作業種目  縫製加工  「草木染め」
花びん敷き・ハンカチ完成品 スカーフ完成品 のれん完成品
1 作業の特長
・色の変化や模様の現れに喜びや驚きがある。
・小物製品(花びん敷き,ハンカチなど)から大きな製品(ふろしき,スカーフ,のれんなど)まで活用でき,能力に応じた製品作りに適している。
・身近な道具や材料で製作できる。
2 材料・用具
タマネギの皮,焼きミョウバン,なべ,さい箸,ゴム手袋,ざる,洗いおけ,木綿布(白),ゴムバンド,発砲スチロール片,(ボタンなどでも可)
3 作業工程
(1)染料液作り ・鍋にタマネギの皮と水(鍋一杯分)を入れ,40分間煮込み,ざるでこし,染料液を作る。
タマネギの皮と水の入った鍋
(2)模様付け

   

 

・布は,一度洗たくし,糊を落として乾かしておく。
・発砲スチロール片を入れ,ゴムバンドできつく巻く。

*留意点
・ボタンやビーズ等,身近な物を利用してもよい。
・ゴムバンドではなく,糸を巻いたり,布をしばったり,縫ったりしてもよい。
ゴムバンドで巻く

ボタンやビーズが付けられた布

糸を巻く
(3)染色
 
・巻き終えた布を水で濡らし,軽く絞る。
・布を広げて,染料液の中に入れる。
・染料液の中で,しわを伸ばすように布を広げながら,しっかり染める。

*留意点
・時間をかけるほど(約20分間)濃く染まる。
・薄く染めるのであれば,約3分間染める。
・染料液が冷めてから染めると,染めむらが少ない。
染料液につけられた布

染料液の中で広げる
(4)媒染
 
【アルミ媒染(ミョウバン)の場合(黄色に変化する)】
・媒染液(焼きミョウバン10gを水5gに溶かす)を用意する。
・染色後の布を軽く絞り,広げて,媒染液の中に入れる。
・好みの濃さになるまで浸す。

*留意点
・色が薄ければ,(3)の染色と(4)の媒染を繰り返す。
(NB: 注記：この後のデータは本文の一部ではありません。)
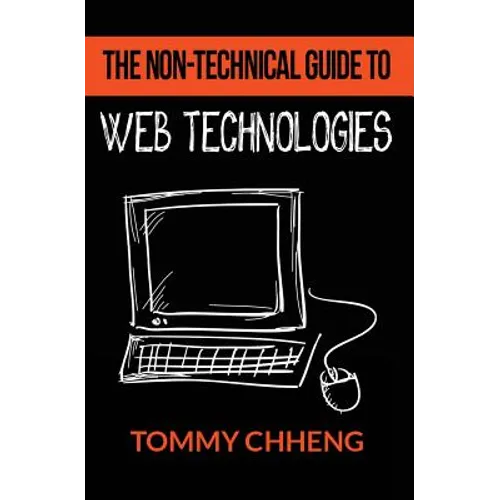 The Non-Technical Guide to Web Technologies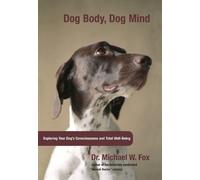 Michael Fox Dog Body, Dog Mind (Copertina rigida)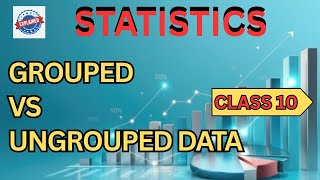 Grouped vs Ungrouped Data | Class 10 Statistics Chapter Explained with Examples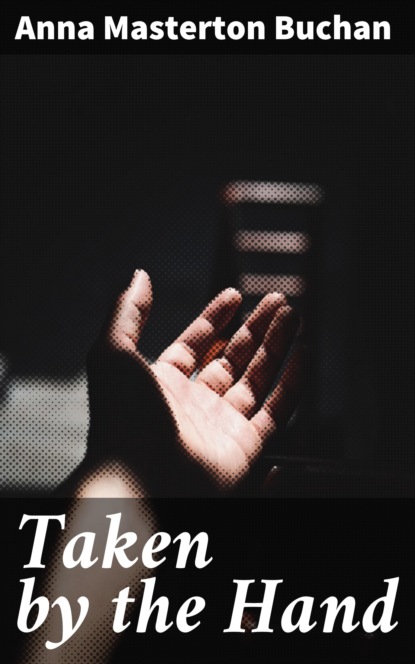 

Taken by the Hand
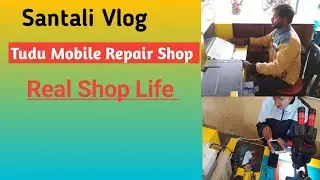 Tudu Mobile Repair Shop & Online Service। Santali vlog।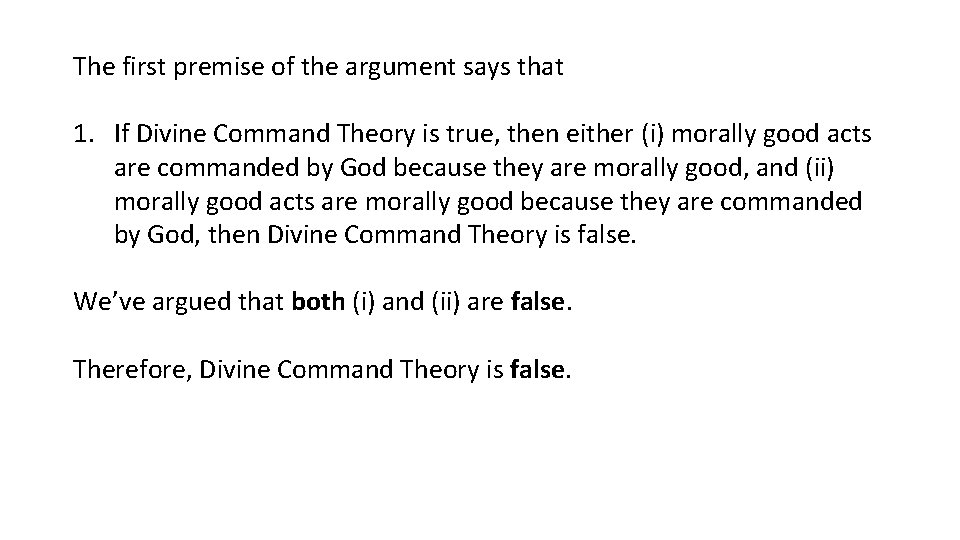 The first premise of the argument says that 1. If Divine Command Theory is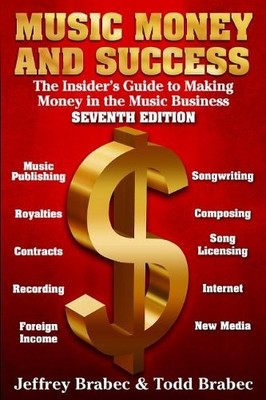 Music Money and Success 7th Edition: The Insider's Guide to Making Money in ...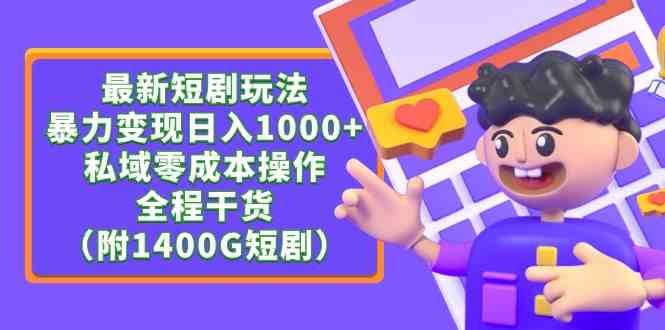 （9420期）最新短剧玩法，暴力变现日入1000+私域零成本操作，全程干货（附1400G短剧）-创业项目网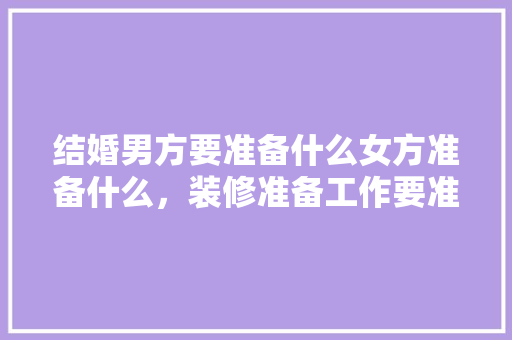结婚男方要准备什么女方准备什么，装修准备工作要准备什么东西。 结婚男方要准备什么女方准备什么，装修准备工作要准备什么东西。 二手房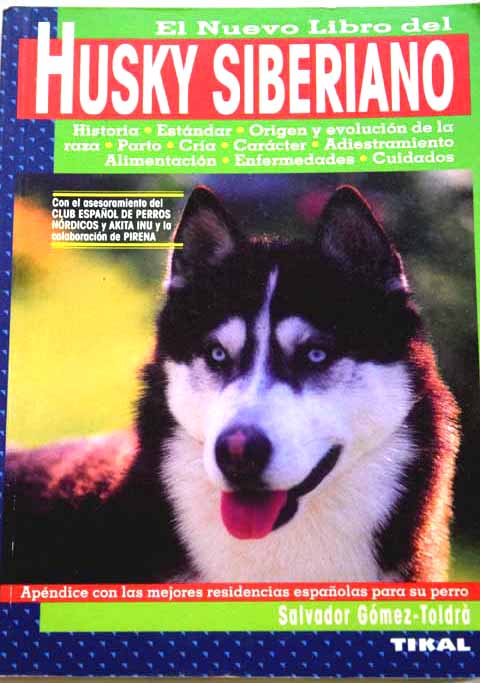 El Nuevo Libro del Husky Siberiano (Tapa Blanda)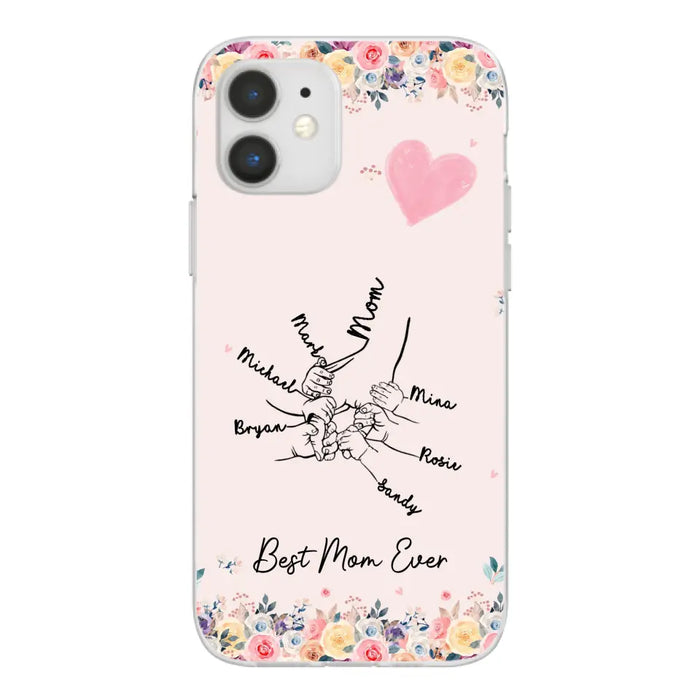 Best Mom Ever - Personalized Children Holding Mothers Hand Phone Case, Gift For Mother, Mother's Day Gift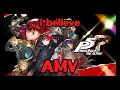 Download Lagu [AMV/GMV] Persona 5  royal I believe [SPOILERS!!!!]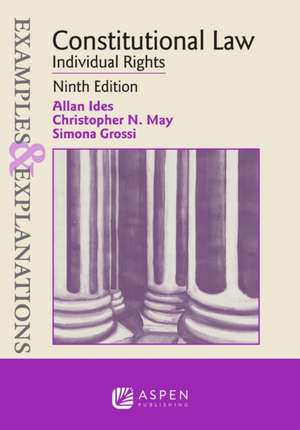 Examples & Explanations for Constitutional Law de Allan Ides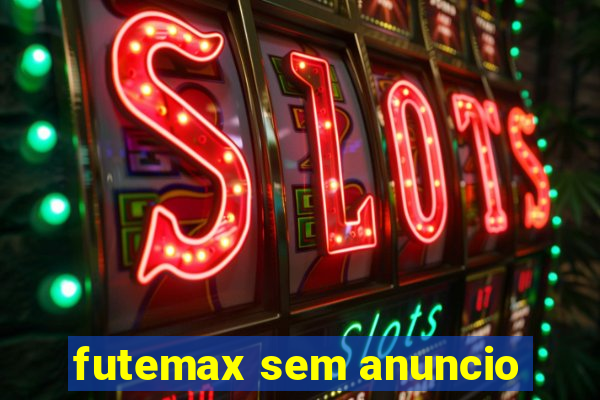 futemax sem anuncio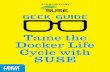 Geek Guide > Tame the Docker Life Cycle with SUSE · SUSE offers a handy Quick Start guide, which shows how to prepare your server, install Docker, configure the service, create and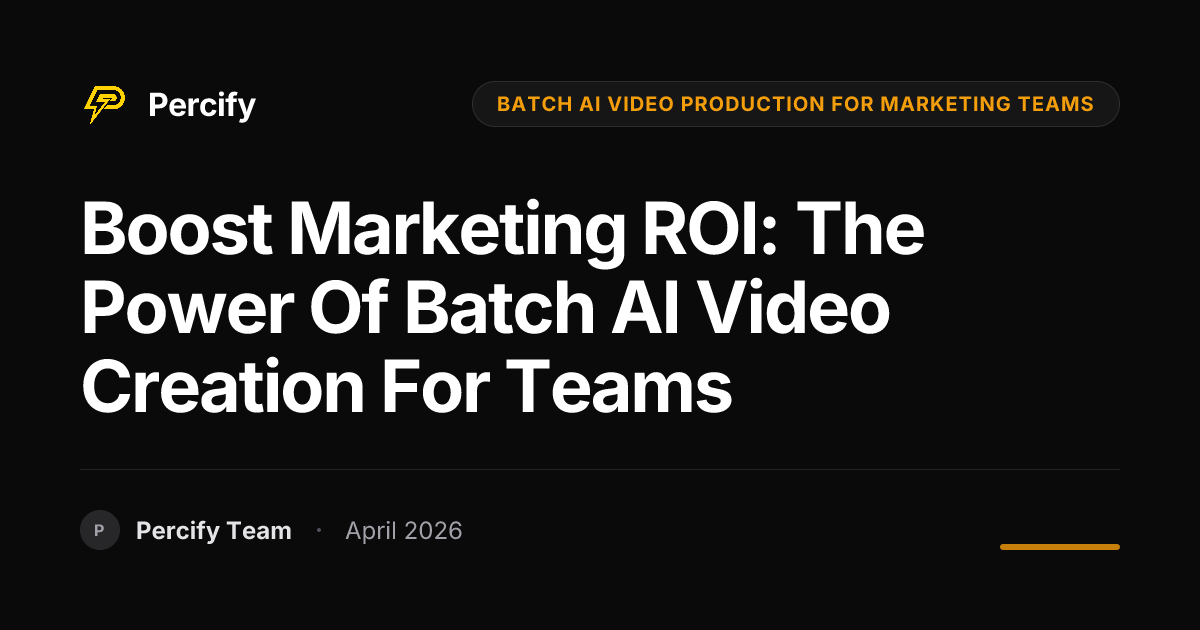 Boost Marketing ROI: The Power of Batch AI Video Creation for Teams - Percify AI Avatar Blog Cover
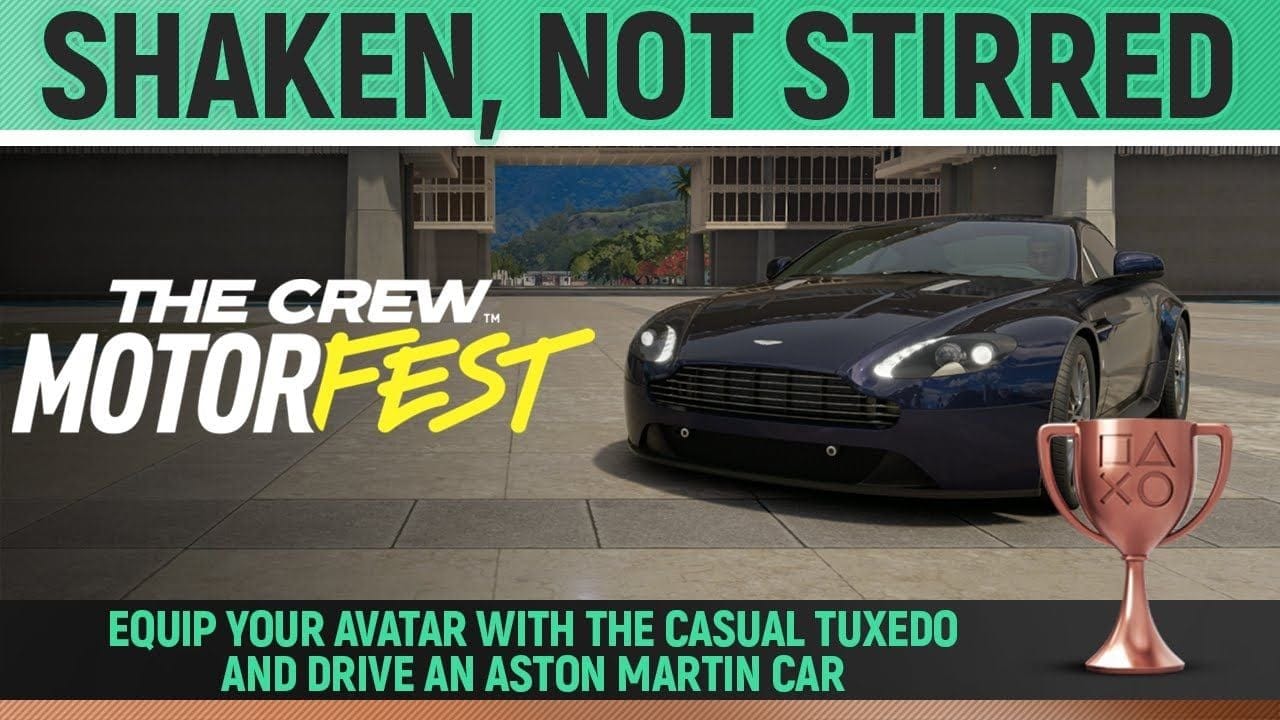 The Crew Motorfest - Shaken, not stirred 🏆 Trophy / Achievement Guide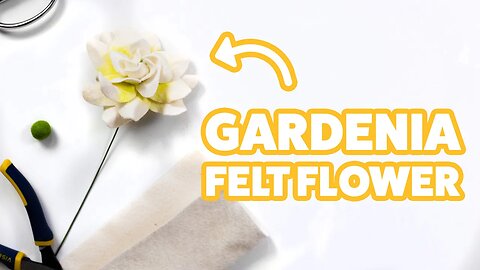 How to make a Gardenia Felt Flower | DIY Gardenia Felt Flower Tutorial
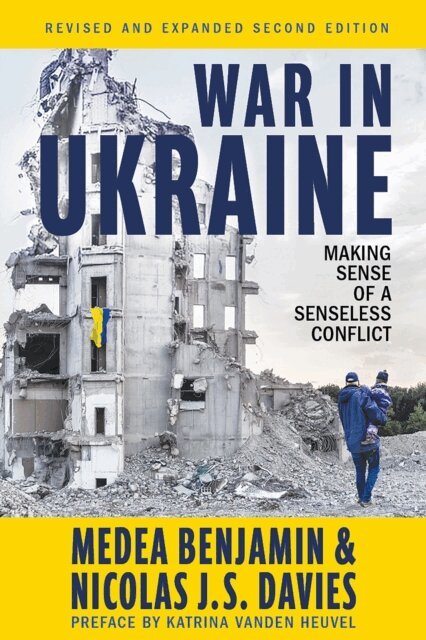Nicolas J.S. Davis, Medea Benjamin - War in Ukraine, E-bok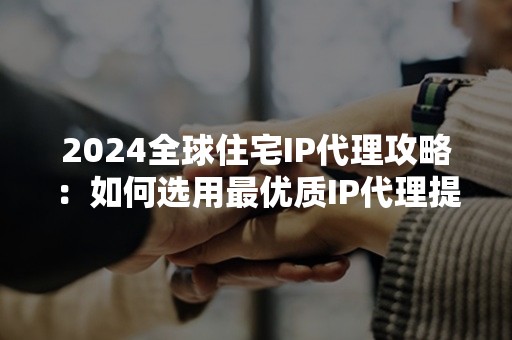 2024全球住宅IP代理攻略：如何选用最优质IP代理提升匿名性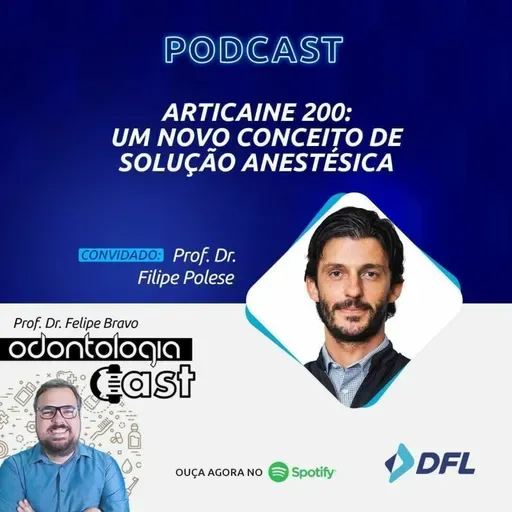 58 #Articaine 200: um novo conceito de solução anestésica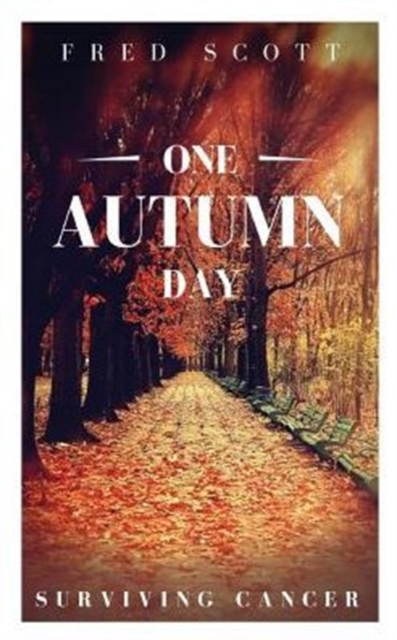 One Autumn Day: Surviving Cancer, Paperback / softback Book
布が乾くと色合いは薄くなることを考慮する。
・媒染後,再度染色する場合は,軽く水洗いして,染料液に入れ直す。


【鉄媒染の場合(緑っぽい黄色に変化する)】
    鉄媒染液の作り方は,ここをクリック
            媒染液
ミョウバン

触媒液の中に浸す
(5)水洗い,乾燥,仕上げ ・水洗いをし,室内で乾かす。完全に乾いてからゴムバンドを取る。

*留意点
・濡れているうちに,ゴムバンドを取ると輪郭がぼける。
・乾いた後に,再度,色が出なくなるまで水洗いをするとよい。
・のれんやスカーフは,柔軟剤を使うとよい。
 
4 支援上の留意点
・ハンカチや敷物を染色前に縫製する場合は,木綿の白ミシン糸を使用する。
・染色,媒染時に,布が液から出ていると,染めむらの原因になるので注意する。
5 評 価





項目 段階 T U V
模様付け ゴムバンドで布をきつく巻く。 仕上がりを予想してゴムバンドや糸を使い,模様を付ける。 自分で模様を考え,材料や縫い方を工夫する。
染 色 布を染料液の中に入れる。 布を染料液の中に入れ,広げながら染める。 色合いを見ながら,染料液や媒染液で繰り返し染める。
洗 い 手で洗う。 手洗い,または洗たく機で,色落ちしなくなるまで洗う。 要領よく,柔軟剤仕上げをし,干したり,取り込んだりする。